### What is required:
Both the line with "Serene Haven Apartment Budapest" and the line with "Vita A Anti-Wrinkle Moisturizer - Image 3" in the records below must appear in the output, along with every line between them, exactly and with nothing added.

### Material for the task:
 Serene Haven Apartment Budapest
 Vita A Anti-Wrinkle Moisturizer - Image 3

* * *

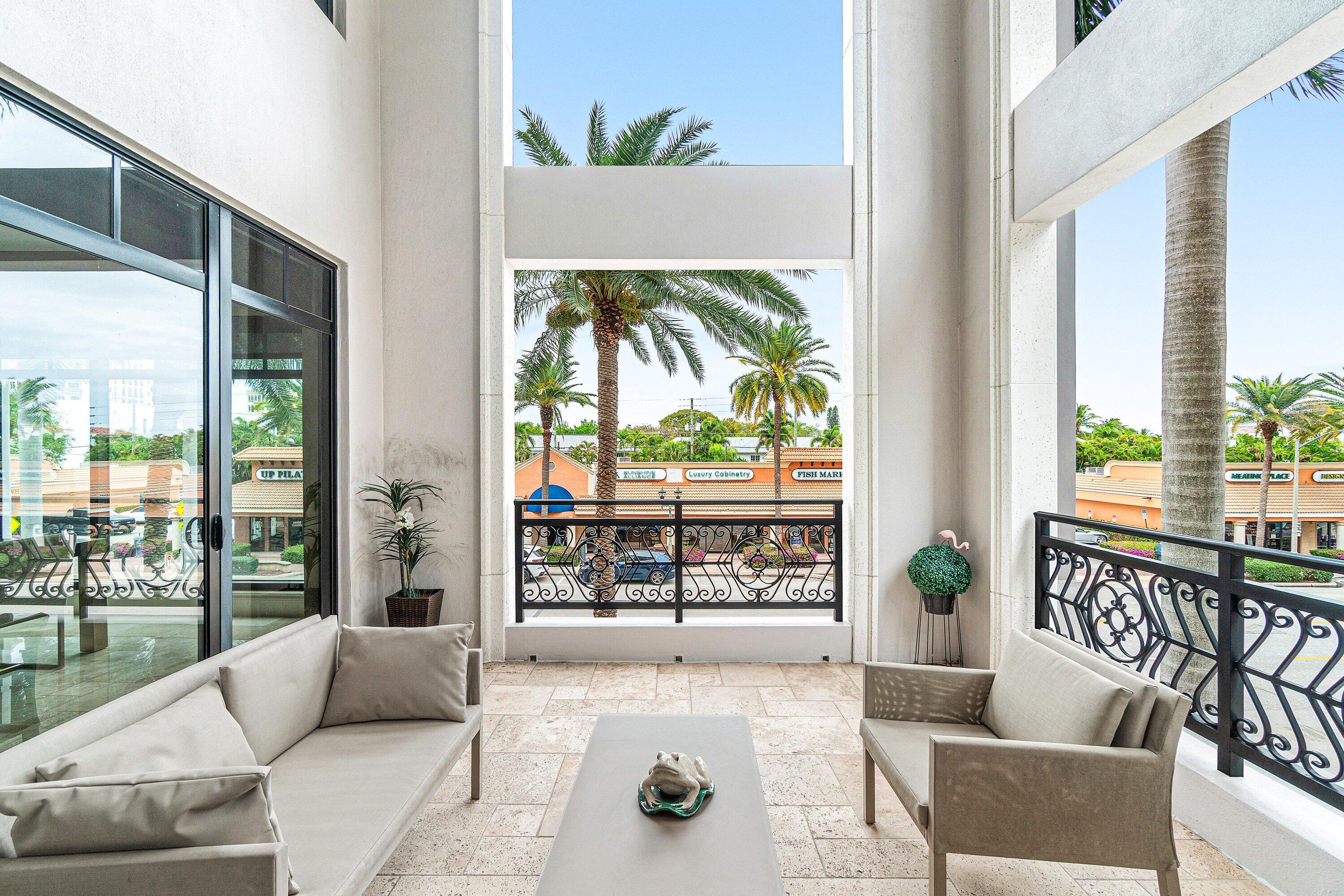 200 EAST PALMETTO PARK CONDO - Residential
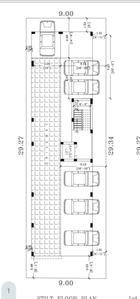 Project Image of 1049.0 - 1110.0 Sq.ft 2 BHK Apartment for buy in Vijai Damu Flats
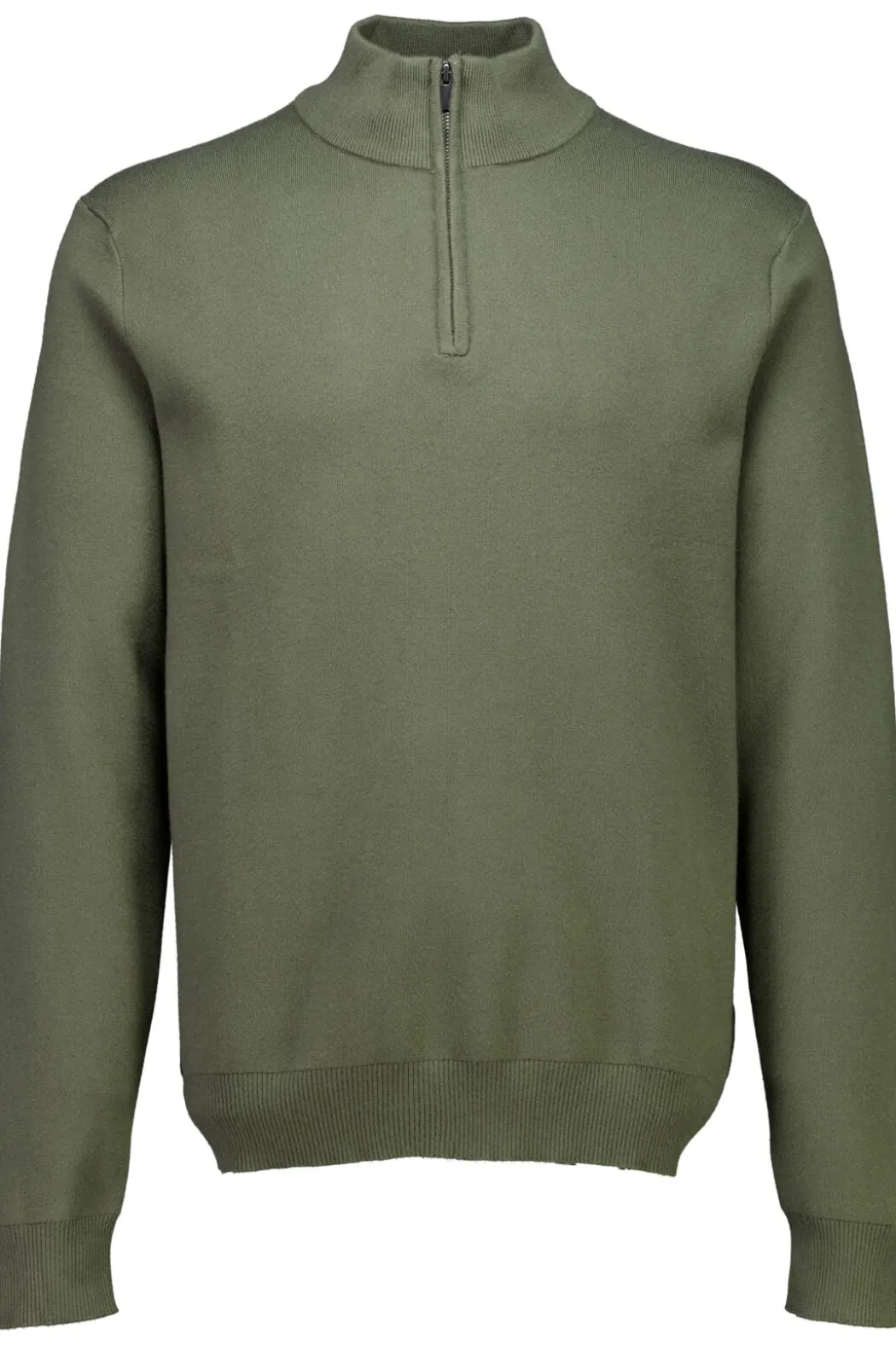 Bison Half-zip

==

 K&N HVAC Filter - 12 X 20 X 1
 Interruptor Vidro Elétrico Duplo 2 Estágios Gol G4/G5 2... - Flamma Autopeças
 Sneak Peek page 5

### Response for this exercise:
 Serene Haven Apartment Budapest
 Vita A Anti-Wrinkle Moisturizer - Image 3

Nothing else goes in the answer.